Meet the Correspondent: Marina Grechanik > Tel-Aviv, Israel$show=/search/label/Marina%20Grechanik

"Sketching is one of my passions. I don't feel comfortable when I leave home without a sketchbook and some pens in my bag. I think that my way to put things in my memory is to draw them. And taking pictures isn't the same thing.

I live in a very dynamic surrounding — Israel is a warm country with warm weather and warm people. Of course, we have seashores, which calm us a little bit. I love to sit in a corner of some Tel-Aviv coffee shop and explore relationships: between people, their environment, between myself. All this unique local mix of cultures, languages and styles is always a great source for inspiration. You need to be fast, because, as I said, everything is very dynamic. But that's why I love it so much.

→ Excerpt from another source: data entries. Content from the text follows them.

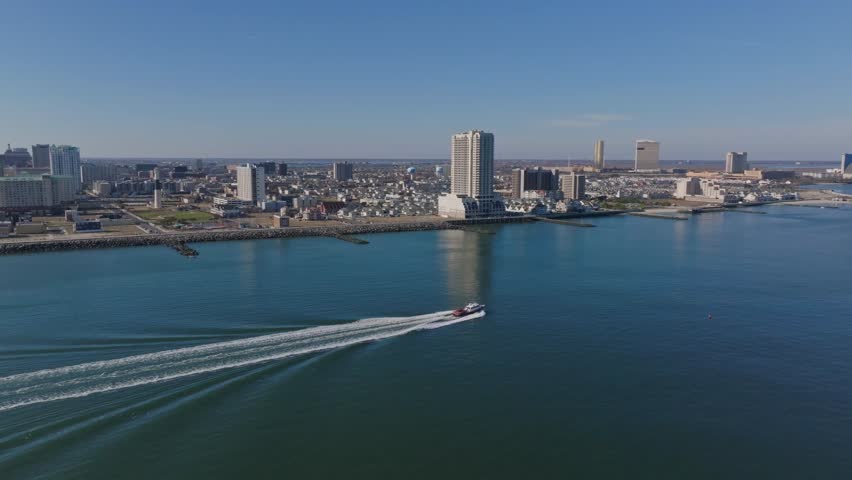 Aerial Drone Footage Of Atlantic City New Jersey On a Perfect Clear Blue Sky Day with No People Ocean Boats Towers Skyscrapers Sunny Epic Viral Cityscape no Traffic Clean Neutral Color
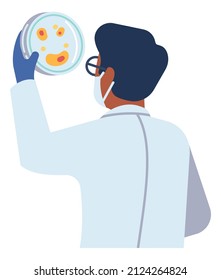 Scientist holding petri dish. Man in laboratory coat looking at bacterial colony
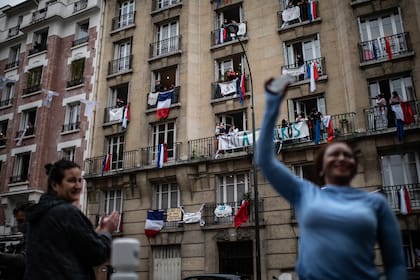 Los habitantes aplauden a las 20:00 horas a los empleados de la salud en Saint-Mande, un suburbio de París, el 4 de mayo de 2020 durante el día 49 de un encierro en Francia destinado a frenar la propagación del nuevo coronavirus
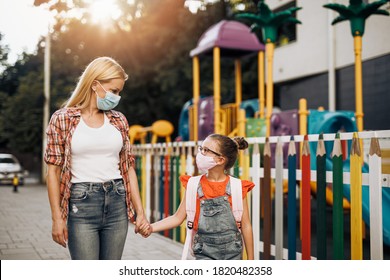 Junge Mutter geht mit ihrer kleinen Tochter auf der Stadtstraße spazieren. Sie tragen Gesichtsschutzmasken. Zurück zur Schule und das neue Coronavirus-Lifestyle-Konzept.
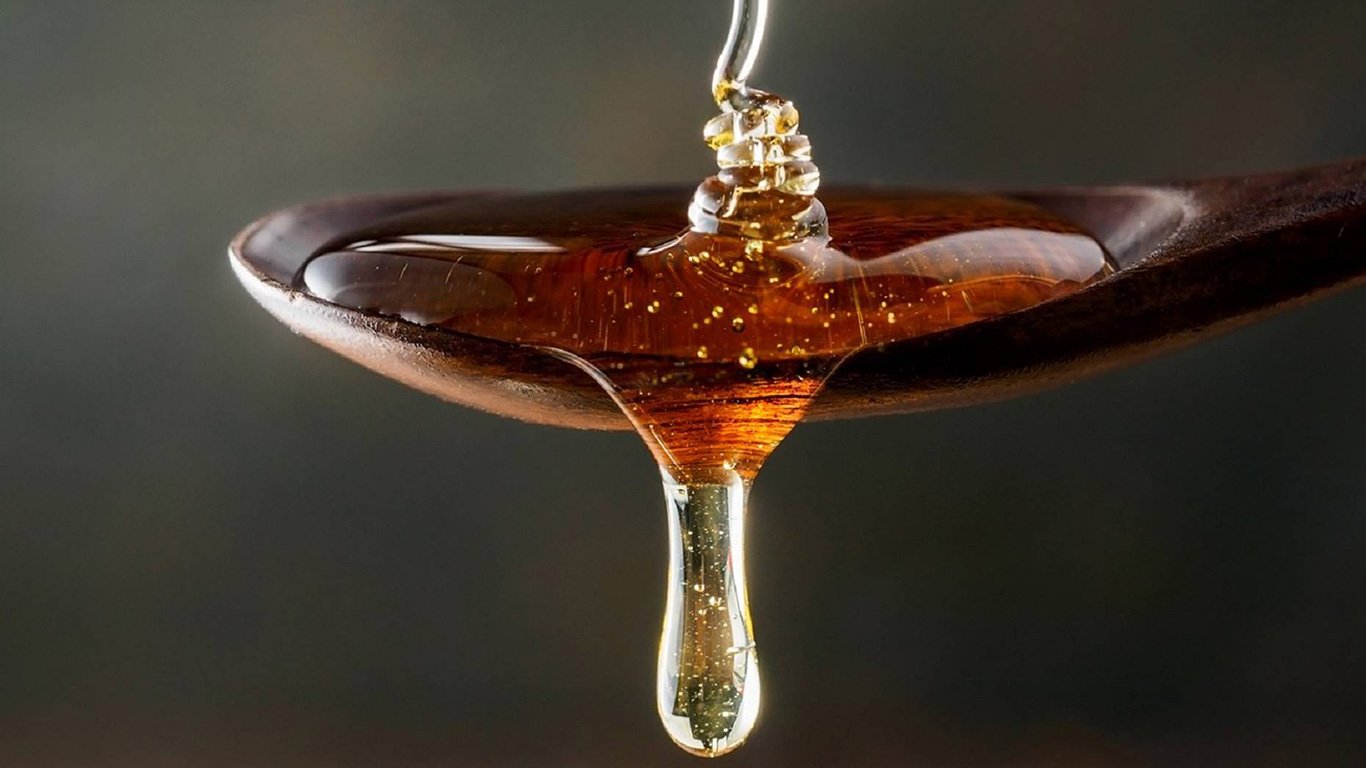 runny Manuka Honey dripping from a wooden spoon for blog: Can Manuka Honey stop me getting a virus?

Sometimes, I look around, and I find some usual items like sugar bags or napkins. I use them in my drawings to show the atmosphere. Sometimes I draw directly on placemats."

• Marina's art on Flickr.
• Marina's website.

Meet the Correspondent: Tina Koyama > Seattle$show=/search/label/tina%20koyama

"The dictionary says that a hobby is “an activity or interest pursued for pleasure or relaxation.” Although urban sketching certainly provides both pleasure and relaxation, I don’t think of it as my hobby. I think of it more as a way of life – something that has become such a normal part of my everydayness that it shapes how I view the world.

For most of my life I had both the fear of drawing as well as the desire to draw. In 2011, inspired by Gabi Campanario’s Seattle Sketcher column, I finally decided to overcome the fear. His drawings of Seattle – my birthplace and lifelong home – were of sights that I had seen many times, yet had never truly seen. I wanted to learn to see, and therefore experience, those locations (and any new ones that I travel to) more completely. Part 8 of the Urban Sketchers Manifesto, to “show the world, one drawing at a time,” has a flip side: Sketching enables me to see my own world, one drawing at a time.

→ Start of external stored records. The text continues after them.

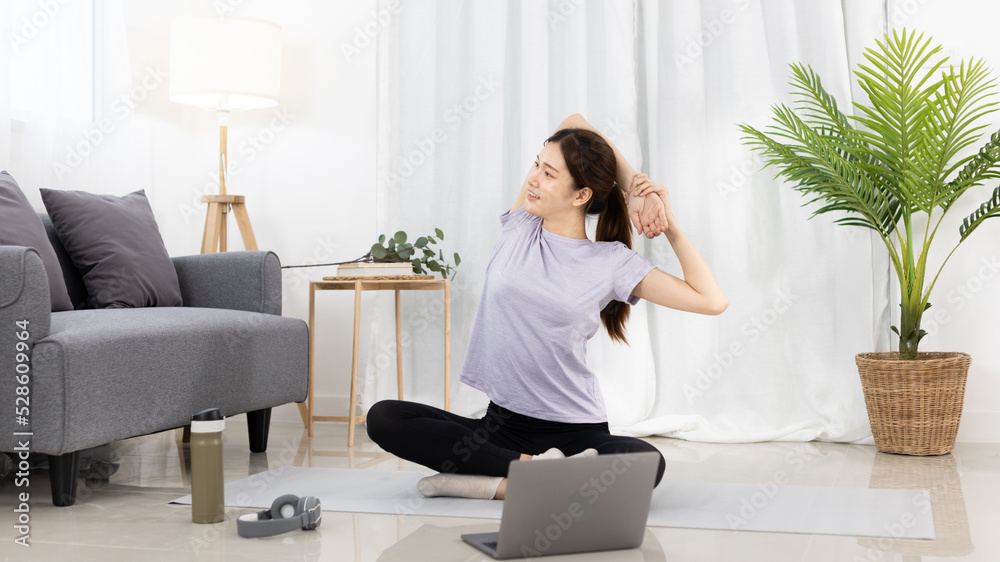 Beautiful Asian woman in sportswear is warming up or doing light exercises in the house with dumbbells and a protein shake or bottle of water and using a laptop at home, Healthy exercise. Beautiful Asian woman in sportswear is warming up or doing light exercises in the house with dumbbells and a protein shake or bottle of water and using a laptop at home, Healthy exercise.
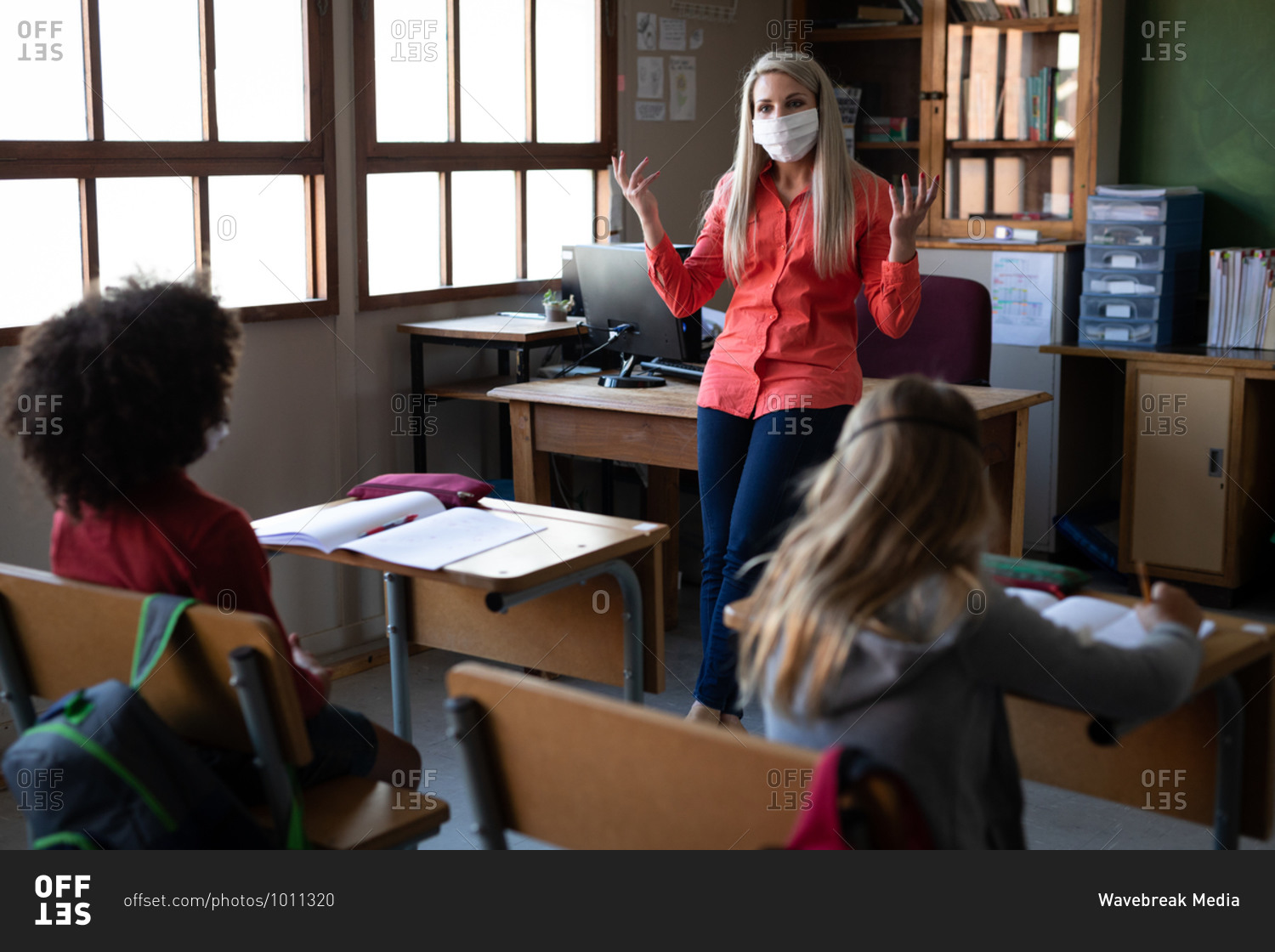 Female Caucasian teacher wearing face mask teaching in class at school. Primary education social distancing health safety during Covid19 Coronavirus pandemic.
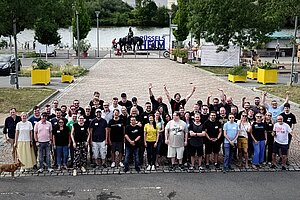 Gruppenfoto von etwa 60 Teilnehmern des Pluscamps 2025, aufgenommen im Freien auf einem gepflasterten Platz in Rüsselsheim mit Blick auf den Main. Die Personen stehen dicht beieinander, einige heben die Arme jubelnd in die Luft. Im Hintergrund ist ein Reiterstandbild, ein „RÜSSELSHEIM“-Schriftzug und viel Grün zu sehen. Ein Hund steht links am Bildrand.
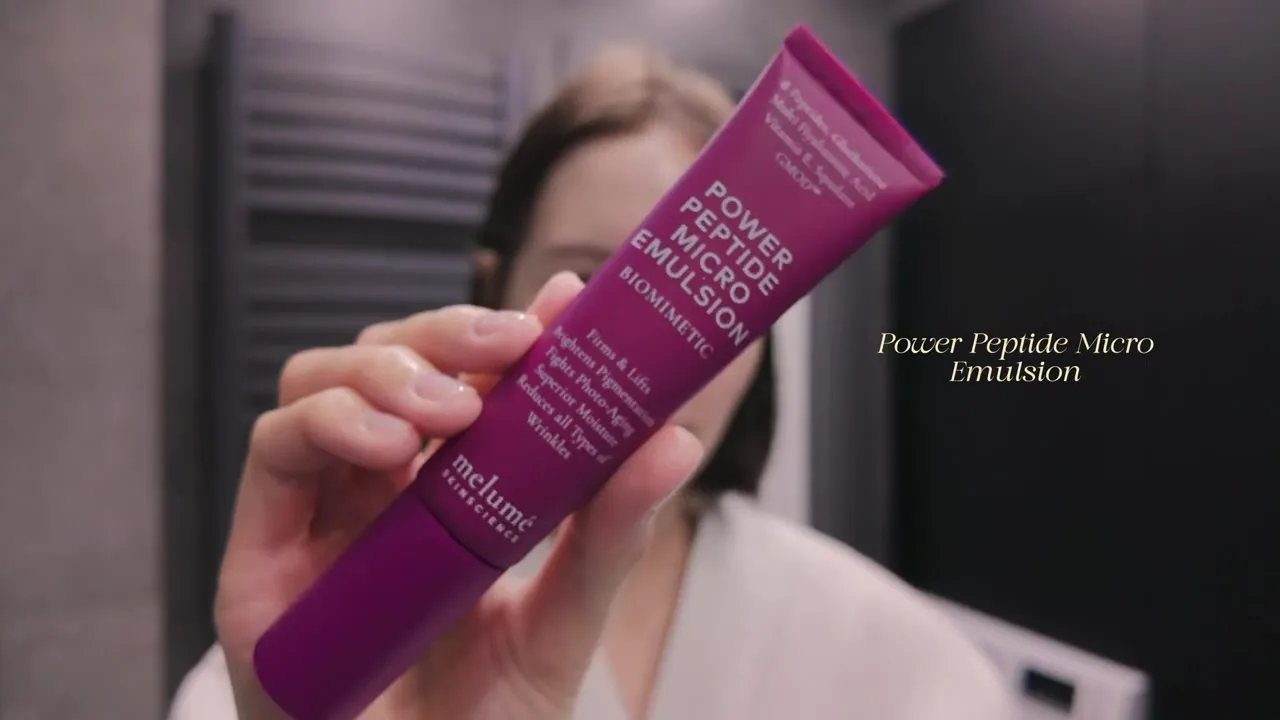 A hand holding a pink tube of Melumé Power Peptide Micro Emulsion.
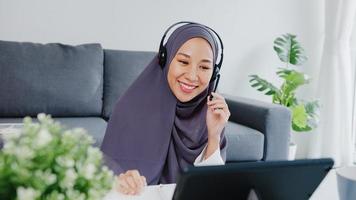 Asia mujer musulmana usa auriculares con tableta hable con sus colegas sobre el informe de venta en una videoconferencia mientras trabaja desde su casa en la sala de estar. distanciamiento social, cuarentena por coronavirus.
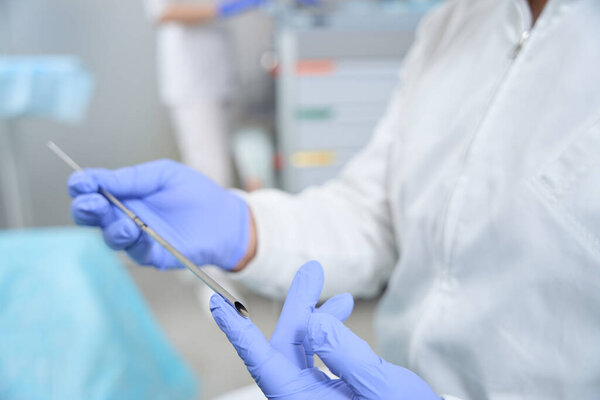 Doctor holds in his hands special tool for the installation of bioidentical hormones to patients, in the background an assistant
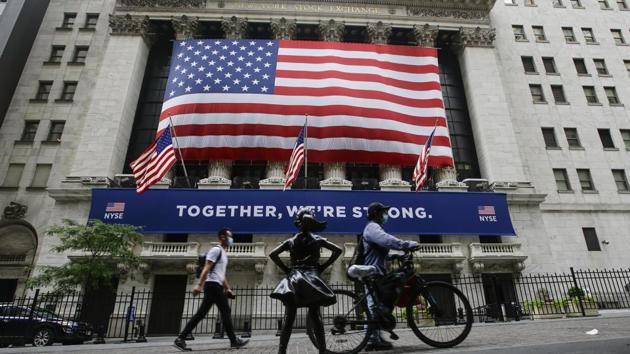 Pedestrians wearing protective masks during the coronavirus pandemic pass by the New York Stock Exchange in New York. (AP) Pedestrians wearing protective masks during the coronavirus pandemic pass by the New York Stock Exchange in New York. (AP)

In the last four years, it is not an exaggeration to say that Urban Sketchers has changed my life. I have met and sketched with many wonderful people around the globe, either at symposiums or during other travel, because the USk network brought us together. I sketch almost weekly with my local group, sharing sketches, art supplies and friendship. Even when I stay home and enjoy sketches online, I am still a part of that rich network, learning with every sketch about other people’s lives.

In May, my husband Greg and I went to France for the first time, and I sketched the Eiffel Tower. Sketching one of the world’s most famous icons felt like a dream come true – the ultimate in urban sketching. But although I can’t resist sketching world-famous icons whenever I’m fortunate enough to see them, for me, urban sketching is much more than that.

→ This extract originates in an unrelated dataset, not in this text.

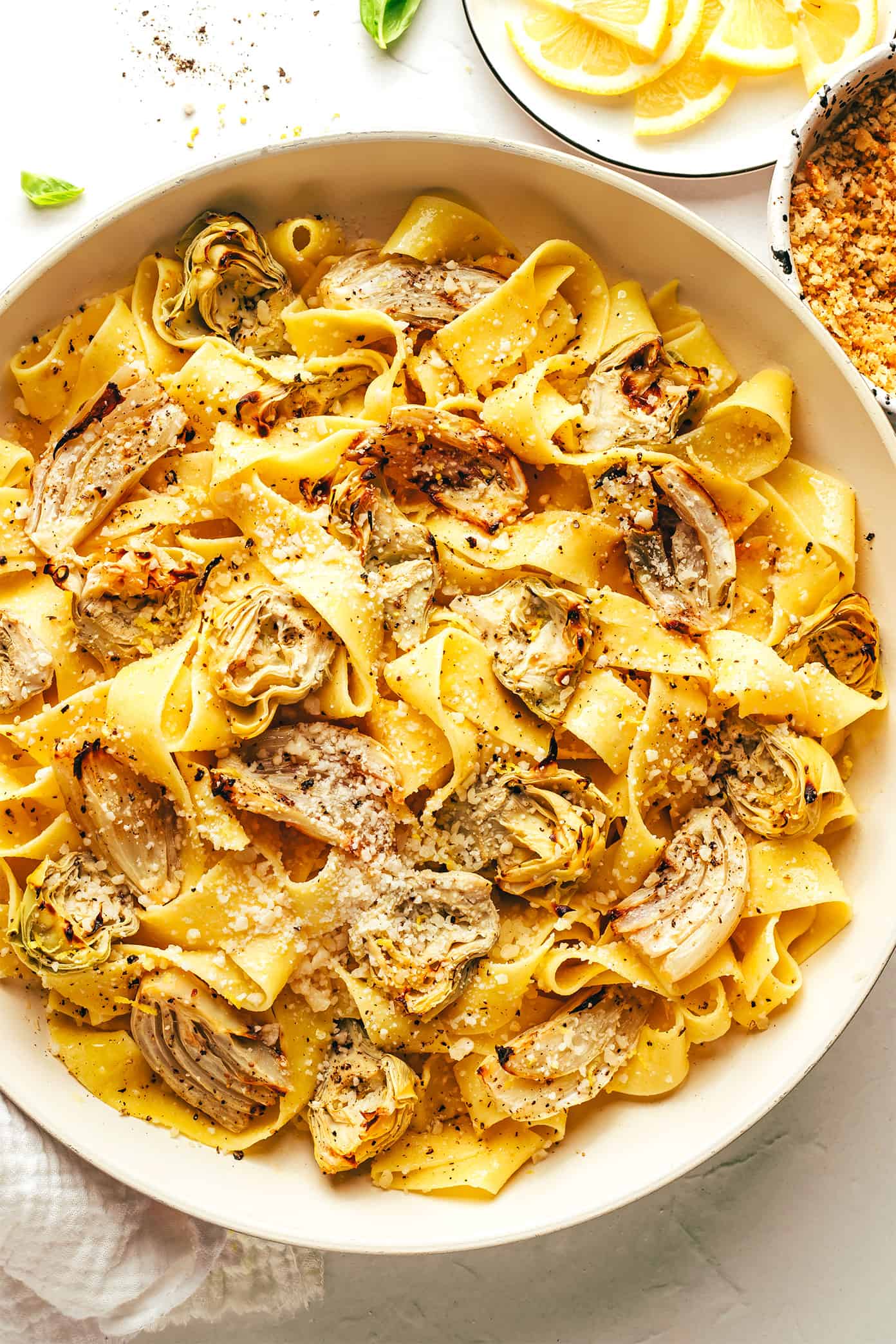 This lemon brown butter pasta is tossed with roasted artichokes and fennel and sprinkled with the most delicious garlic toasted breadcrumbs. Serve it up with parmesan and fresh basil for a simple vegetarian dinner, or add in an extra protein (shrimp, chicken, sausage, etc) if you'd like! | gimmesomeoven.com Lemon Brown Butter Pasta in Pan with Roasted Artichokes and Fennel and Garlic Breadcrumbs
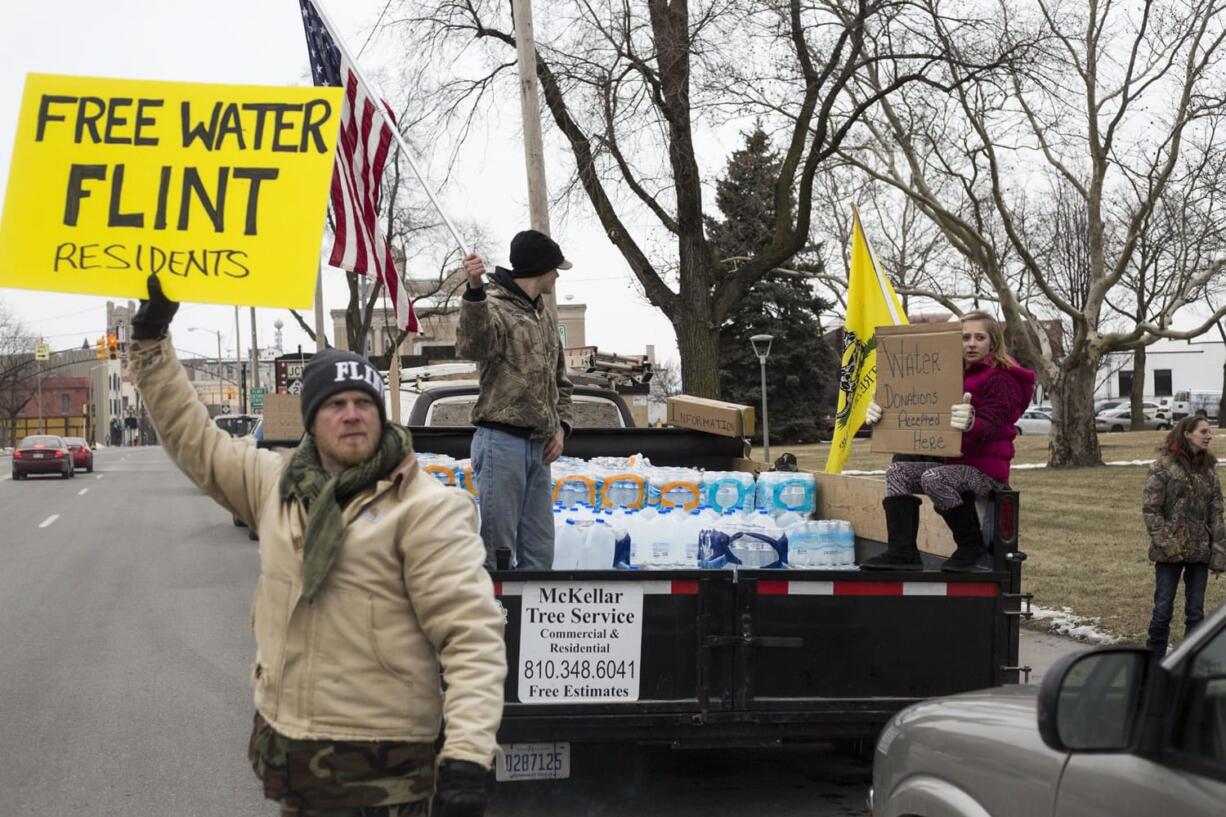 Genesee County Volunteer Militia members and protesters gather for a rally outside of Flint City Hall on Sunday over the cities ongoing water crisis. The militia was handing out free bottled water and water filters.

Urban sketching is a tree with its middle chopped away to accommodate Seattle’s ubiquitous power lines. It’s about a couple of women chatting over coffee, or about workers roofing the house next door. It’s about an excavator filling a hole where a cherry tree once stood. Or the Tibetan monastery I drive by frequently that I couldn’t resist because it’s bright orange. Urban sketching is a string band performing at a local farmers’ market – or perhaps in Villefranche-sur-Mer.

Celebrating the mundane as well as the famous is what urban sketching is all about. My sketches are not necessarily about “special” moments; they are moments made special because I sketched them."

Tina has been editor of Drawing Attention since 2013 and now serves on the Urban Sketchers editorial board. See more of her sketches on her blog, on Flickr and on Instagram.

Meet the Correspondent: Pete Scully > Davis, Calif.$show=/search/label/Pete%20Scully

"I am from urban north London, but now live in urbane Davis California. I sketch, I write, sometimes do things and go places and my name is Pete.

When not Davis, I sketch Sacramento, San Francisco, London, or anywhere else I happen to be. I tend to erase people and cars from my cities, but I'm starting to get over this.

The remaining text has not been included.